**DIRECTIONS FOR THIS TASK**
Set down, exactly, every line from the top of the listing through the one holding "J S Bach - Organ".

**MATERIAL FOR THE TASK**
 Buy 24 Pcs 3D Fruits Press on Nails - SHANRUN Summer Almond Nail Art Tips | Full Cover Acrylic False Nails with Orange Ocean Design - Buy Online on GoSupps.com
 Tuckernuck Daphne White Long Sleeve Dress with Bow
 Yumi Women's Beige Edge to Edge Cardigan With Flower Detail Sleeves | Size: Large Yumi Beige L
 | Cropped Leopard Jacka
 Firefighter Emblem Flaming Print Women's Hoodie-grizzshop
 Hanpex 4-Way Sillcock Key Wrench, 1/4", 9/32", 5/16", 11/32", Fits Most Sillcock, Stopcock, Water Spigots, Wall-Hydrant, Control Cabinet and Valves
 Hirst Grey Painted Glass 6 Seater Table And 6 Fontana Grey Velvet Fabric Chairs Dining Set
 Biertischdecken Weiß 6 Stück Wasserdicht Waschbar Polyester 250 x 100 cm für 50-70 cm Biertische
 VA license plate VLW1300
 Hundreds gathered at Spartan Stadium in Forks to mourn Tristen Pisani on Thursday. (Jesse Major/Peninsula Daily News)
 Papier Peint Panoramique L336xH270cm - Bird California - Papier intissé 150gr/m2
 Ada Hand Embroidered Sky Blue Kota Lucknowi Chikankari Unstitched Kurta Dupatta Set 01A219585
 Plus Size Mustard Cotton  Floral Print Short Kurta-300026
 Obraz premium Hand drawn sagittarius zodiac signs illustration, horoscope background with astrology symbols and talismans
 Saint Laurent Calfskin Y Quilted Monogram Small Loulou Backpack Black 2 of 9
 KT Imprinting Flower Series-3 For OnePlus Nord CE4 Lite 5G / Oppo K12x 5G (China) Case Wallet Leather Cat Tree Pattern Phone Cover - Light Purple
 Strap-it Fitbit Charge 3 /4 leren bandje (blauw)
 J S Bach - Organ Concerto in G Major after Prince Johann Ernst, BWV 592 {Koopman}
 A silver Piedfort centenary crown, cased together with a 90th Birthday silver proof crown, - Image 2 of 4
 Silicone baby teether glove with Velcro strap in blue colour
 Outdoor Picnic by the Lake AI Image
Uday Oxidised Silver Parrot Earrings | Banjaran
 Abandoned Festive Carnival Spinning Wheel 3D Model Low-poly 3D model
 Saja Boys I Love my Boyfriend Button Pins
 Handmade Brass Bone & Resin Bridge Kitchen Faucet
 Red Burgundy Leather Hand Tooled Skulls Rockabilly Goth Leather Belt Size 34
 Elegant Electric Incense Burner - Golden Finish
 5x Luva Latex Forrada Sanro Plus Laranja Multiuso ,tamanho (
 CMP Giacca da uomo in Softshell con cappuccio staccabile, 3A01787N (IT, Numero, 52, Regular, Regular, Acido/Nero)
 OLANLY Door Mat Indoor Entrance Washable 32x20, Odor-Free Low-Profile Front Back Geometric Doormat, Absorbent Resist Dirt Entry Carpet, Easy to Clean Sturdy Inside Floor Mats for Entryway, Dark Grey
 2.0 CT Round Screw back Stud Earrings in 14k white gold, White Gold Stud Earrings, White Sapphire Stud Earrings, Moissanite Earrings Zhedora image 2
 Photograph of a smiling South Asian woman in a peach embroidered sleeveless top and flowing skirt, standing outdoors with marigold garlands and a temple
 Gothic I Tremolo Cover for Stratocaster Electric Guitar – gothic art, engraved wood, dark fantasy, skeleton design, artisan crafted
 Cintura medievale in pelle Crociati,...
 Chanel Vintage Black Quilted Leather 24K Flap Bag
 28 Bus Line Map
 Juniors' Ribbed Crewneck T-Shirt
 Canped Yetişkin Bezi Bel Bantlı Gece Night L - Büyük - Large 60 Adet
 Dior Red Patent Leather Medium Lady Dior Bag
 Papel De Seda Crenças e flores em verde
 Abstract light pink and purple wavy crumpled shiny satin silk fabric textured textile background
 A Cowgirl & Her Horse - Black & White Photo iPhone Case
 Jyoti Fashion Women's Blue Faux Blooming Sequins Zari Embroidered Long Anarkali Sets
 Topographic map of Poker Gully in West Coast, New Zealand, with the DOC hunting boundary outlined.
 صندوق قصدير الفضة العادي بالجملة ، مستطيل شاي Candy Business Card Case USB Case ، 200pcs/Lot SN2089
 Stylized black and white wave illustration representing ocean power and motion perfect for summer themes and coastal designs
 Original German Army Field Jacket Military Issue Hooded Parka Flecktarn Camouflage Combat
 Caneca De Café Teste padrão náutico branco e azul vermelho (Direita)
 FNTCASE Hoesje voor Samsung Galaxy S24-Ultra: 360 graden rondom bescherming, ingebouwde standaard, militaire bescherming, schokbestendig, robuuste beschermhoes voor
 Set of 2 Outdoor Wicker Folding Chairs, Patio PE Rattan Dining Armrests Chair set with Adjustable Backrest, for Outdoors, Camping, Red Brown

**SOLUTION TO THIS PROBLEM**
 Buy 24 Pcs 3D Fruits Press on Nails - SHANRUN Summer Almond Nail Art Tips | Full Cover Acrylic False Nails with Orange Ocean Design - Buy Online on GoSupps.com
 Tuckernuck Daphne White Long Sleeve Dress with Bow
 Yumi Women's Beige Edge to Edge Cardigan With Flower Detail Sleeves | Size: Large Yumi Beige L
 | Cropped Leopard Jacka
 Firefighter Emblem Flaming Print Women's Hoodie-grizzshop
 Hanpex 4-Way Sillcock Key Wrench, 1/4", 9/32", 5/16", 11/32", Fits Most Sillcock, Stopcock, Water Spigots, Wall-Hydrant, Control Cabinet and Valves
 Hirst Grey Painted Glass 6 Seater Table And 6 Fontana Grey Velvet Fabric Chairs Dining Set
 Biertischdecken Weiß 6 Stück Wasserdicht Waschbar Polyester 250 x 100 cm für 50-70 cm Biertische
 VA license plate VLW1300
 Hundreds gathered at Spartan Stadium in Forks to mourn Tristen Pisani on Thursday. (Jesse Major/Peninsula Daily News)
 Papier Peint Panoramique L336xH270cm - Bird California - Papier intissé 150gr/m2
 Ada Hand Embroidered Sky Blue Kota Lucknowi Chikankari Unstitched Kurta Dupatta Set 01A219585
 Plus Size Mustard Cotton  Floral Print Short Kurta-300026
 Obraz premium Hand drawn sagittarius zodiac signs illustration, horoscope background with astrology symbols and talismans
 Saint Laurent Calfskin Y Quilted Monogram Small Loulou Backpack Black 2 of 9
 KT Imprinting Flower Series-3 For OnePlus Nord CE4 Lite 5G / Oppo K12x 5G (China) Case Wallet Leather Cat Tree Pattern Phone Cover - Light Purple
 Strap-it Fitbit Charge 3 /4 leren bandje (blauw)
 J S Bach - Organ Concerto in G Major after Prince Johann Ernst, BWV 592 {Koopman}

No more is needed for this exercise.